Ayumi, Mitsuhiko, dan Genta tak pantas menerima surat pamit dariku, seharusnya aku ucapkan langsung pada mereka. Namun aku kegirangan mendengar kabar dari Ai bahwa formula anti-dot APTX 4869 telah disempurnakannya berkat bantuan dari Prof. Agasa juga sih. Jadi, aku langsung menenggak obat anti-dot itu dan langsung berubah secara perlahan menjadi tubuhku yang sekarang, yaitu tubuh Shinichi Kudo.

"Tit…Tit…Trililit…" Suara dering ponselku berbunyi.

"Hallo, Shinichi." Bu Jodie memulai percakapan di ujung telpon sana.

"Iya bu. Ada apa ?" Jawabku pelan sambil menggeser piring mie ramen dari hadapanku.

"Sebelumnya, kami mengucapkan banyak terima kasih atas bantuanmu. Berkat dirimu kami berhasil meringkus organisasi Yakuza sampai ke akarnya. Namun aku turut berduka atas terkuaknya sebuah tabir ironi bahwa kedua orang tuamu adalah dalang dari organisasi itu." Ucap bu Jodie.

"Sekarang ini, Aku sudah dapat menerima semua takdir yang telah digariskan oleh Tuhan padaku, bu !" Aku berusaha menghibur diri.

"Iya. Tapi tak adil bagi seorang detektif handal yang membantu kehidupan dunia menjadi lebih aman sepertimu, harus menerima takdir buruk." Bu Jodie mengungkap fakta dari keadaan yang kualami selama ini.

Aku tak ingin lagi membahas takdir kejam ini. "Bagaimana perkembangan peradilan terhadap kedua orang tuaku, bu ?"

"Berita buruknya, mereka dinyatakan bersalah tingkat satu, dan akan dihukum penjara seumur hidup. Namun ada berita baiknya juga, nama asli mereka tidak akan dipublikasikan kepada publik dan media sebagai tanda terima kasih kami kepadamu." Jawab bu Jodie.

"Jadi, namamu tetap harum sebagai seorang detektif handal, meski kenyataan kamu anak dari pemimpin organisasi mafia di Jepang,Yakuza." Sambungnya.

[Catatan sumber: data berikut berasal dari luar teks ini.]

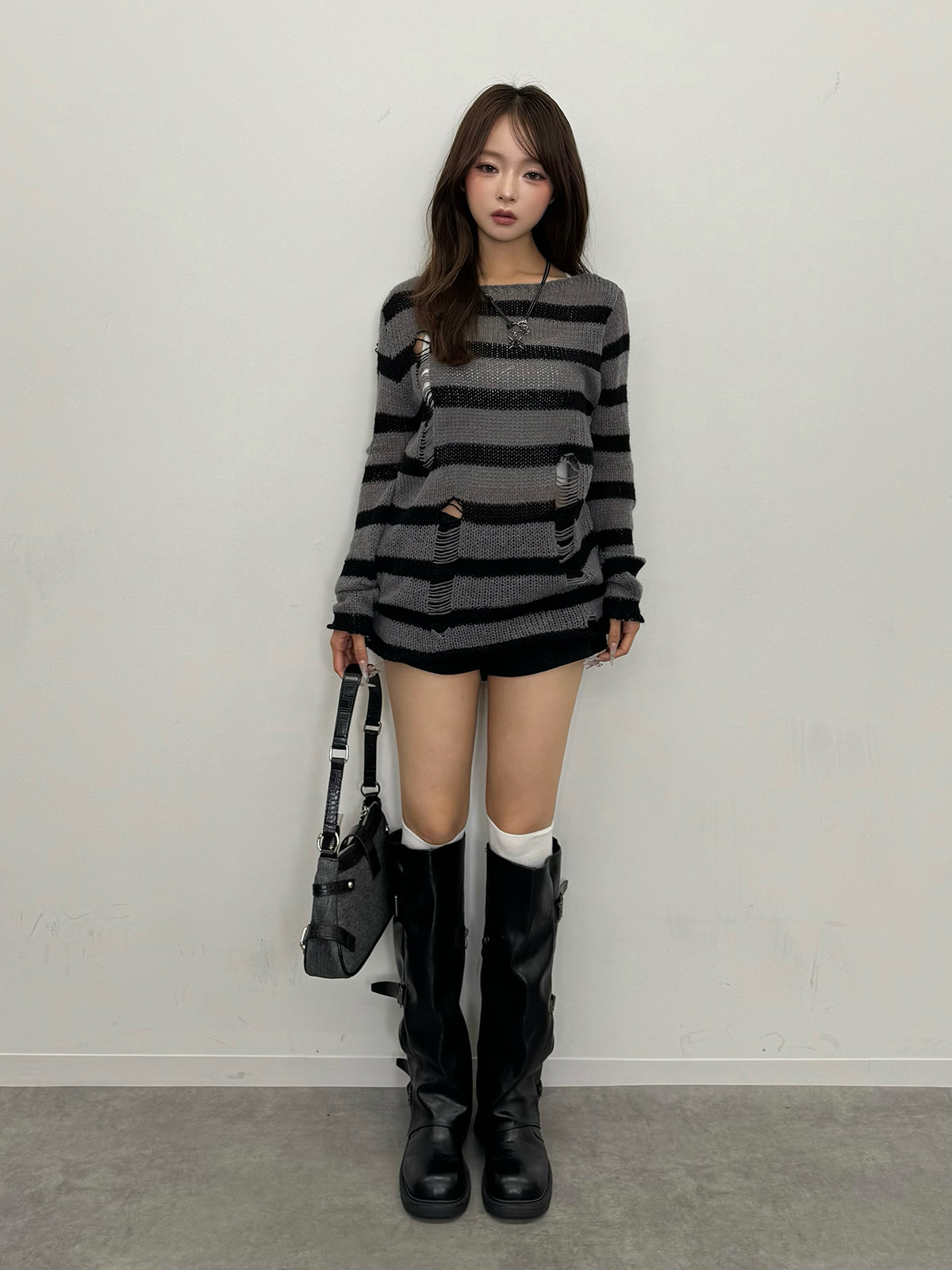 ボーダーダメージニット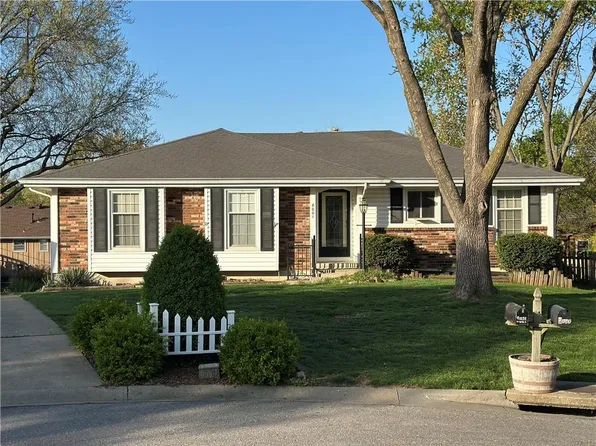 8001 E 163rd Ct, Belton, MO 64012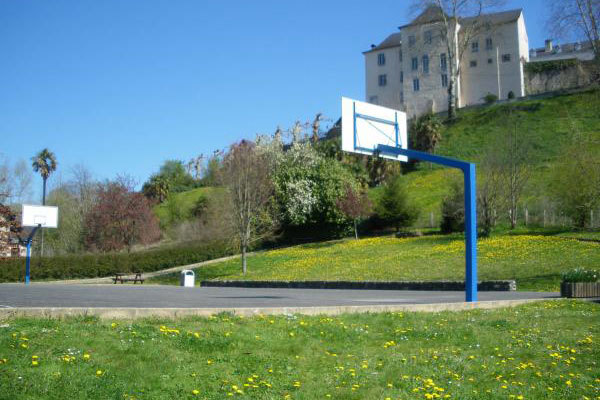 Спортивная площадка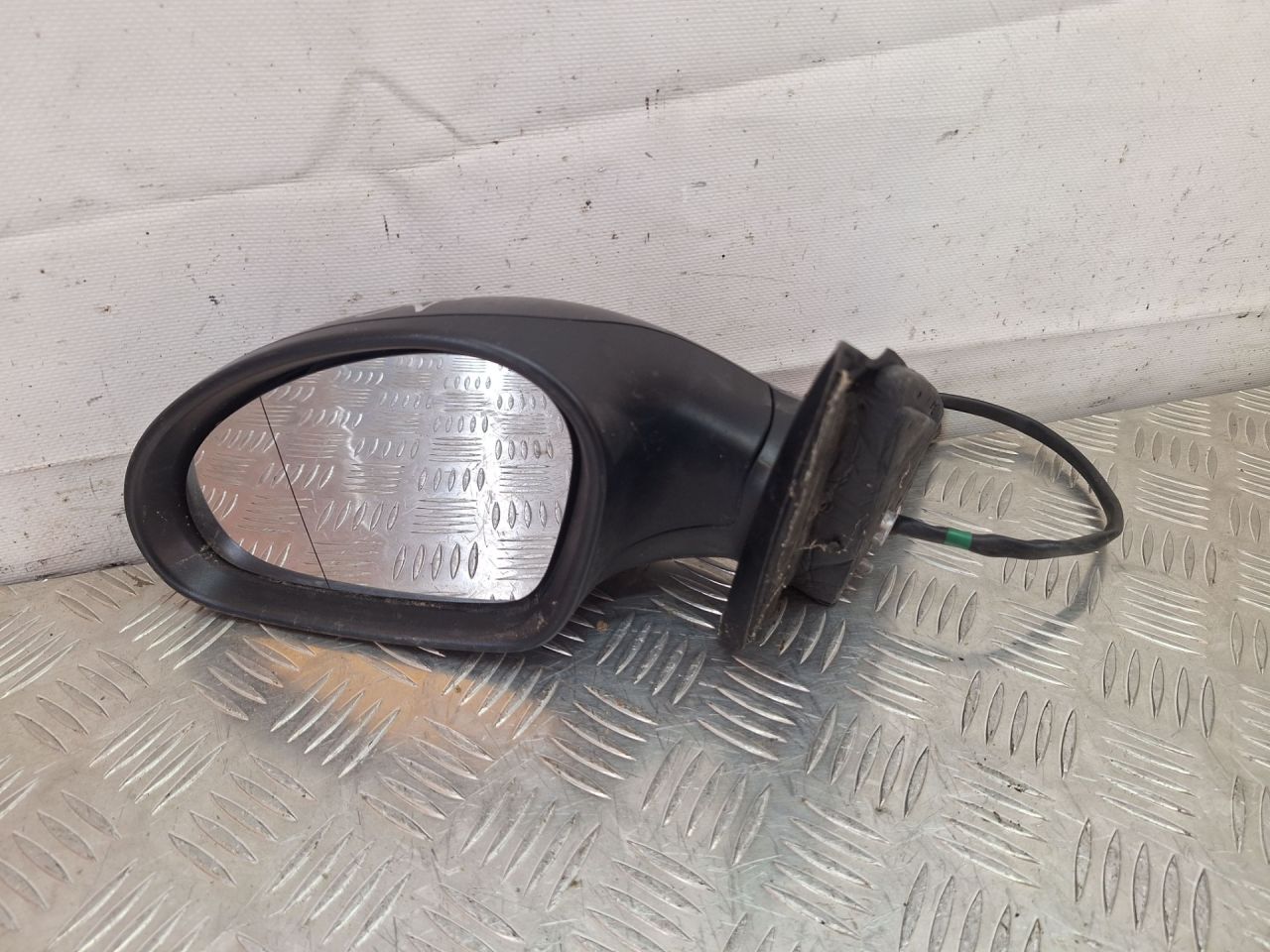 зеркало наружное левое SEAT Ibiza 3 поколение 2004, 1.4 л., BBY, бензин, МКПП, серый, хетчбэк 3 дв., передний привод - фото №1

"Baguslah kalau begitu. Apa alasan mereka pindah ke Amerika Serikat dan meninggalkanku sendirian disini dahulu kala, bu ?" Tanyaku padanya.

Bu Jodie berusaha menjelaskan. "Yusaku dan Yukiko Kudo pindah ke Amerika Serikat karena ingin berhubungan lebih intens lagi dengan bos mafia-mafia yang tersebar di seluruh penjuru dunia. Selain itu, mereka juga ingin menjaga jarak dari polisi Jepang. Mereka berusaha mengontrol organisasi Yakuza dari jauh melalui tangan kanannya, Gin."

"Atas semua bantuanmu, kuucapkan; Terima kasih Cool Kid !" Bu Jodie menutup pembicaraan antara kami berdua.

"Sama-sama bu." Ucapku sembari menutup ponselku.

"Tuuuuttt…" Telpon telah terputus.

Pada satu titik, organisasi hitam atau Yakuza telah tertutup halamannya. Kini lembaran baruku sebagai seorang detektif SMA mulai dapat kujalani dengan mudah tanpa harus menidurkan paman Kogoro lagi. Sebuah tantangan yang tak sabar ingin kualami pada tubuhku yang baru ini. Selamat datang tubuh baru, jiwa baru, semangat baru wahai Shinichi Kudo.

"Tit…Tit…Trililiiit…Trililiiiiiitt…" Lagi-lagi ponselku berbunyi.

"Siapa lagi yang menelponmu, Shinichi ?" Tanya Ran dengan nada kesal karena mengganggu keasyikkannya bersamaku.

"Aku tidak tahu, biarkan aku mengangkatnya !" Jawabku pada gadis pujaan hatiku ini.

"Hallo, siapa ini ?" Tanyaku pada si penelpon.

"Aku Takagi dari Kepolisian Tokyo, Jepang. Cepatlah kamu kemari, telah terjadi kasus pembunuhan yang sangat rumit disini. Inspektur Megure yang menyuruhku menelponmu, Shinichi !" Pak Takagi memberi penjelasan.

"Baiklah. Kirimkan alamatnya melalui sms saja !" Jawabku pada polisi divisi pembunuhan itu.

"Tuuuuttt…" Telpon terputus.

"Sekarang kamu tinggal disini dulu, nanti aku akan segera kembali. Setelah semuanya selesai, aku akan menemuimu lagi, Ran !" Ujarku.

Ran menolak dengan lantang. "Tidak, aku akan ikut denganmu !"

"Tapi ini berbahaya bagi keselamatanmu." Ucapku padanya.

"Terakhir kamu meninggalkanku juga begini…" Lalu Ran terdiam, mulai meneteskan air mata, menggigit bibir bawahnya.

"Maafkan aku, Ran." Kupeluk erat tubuhnya yang mungil dan air matanya pun turut membasahi kemeja putih sekolahku.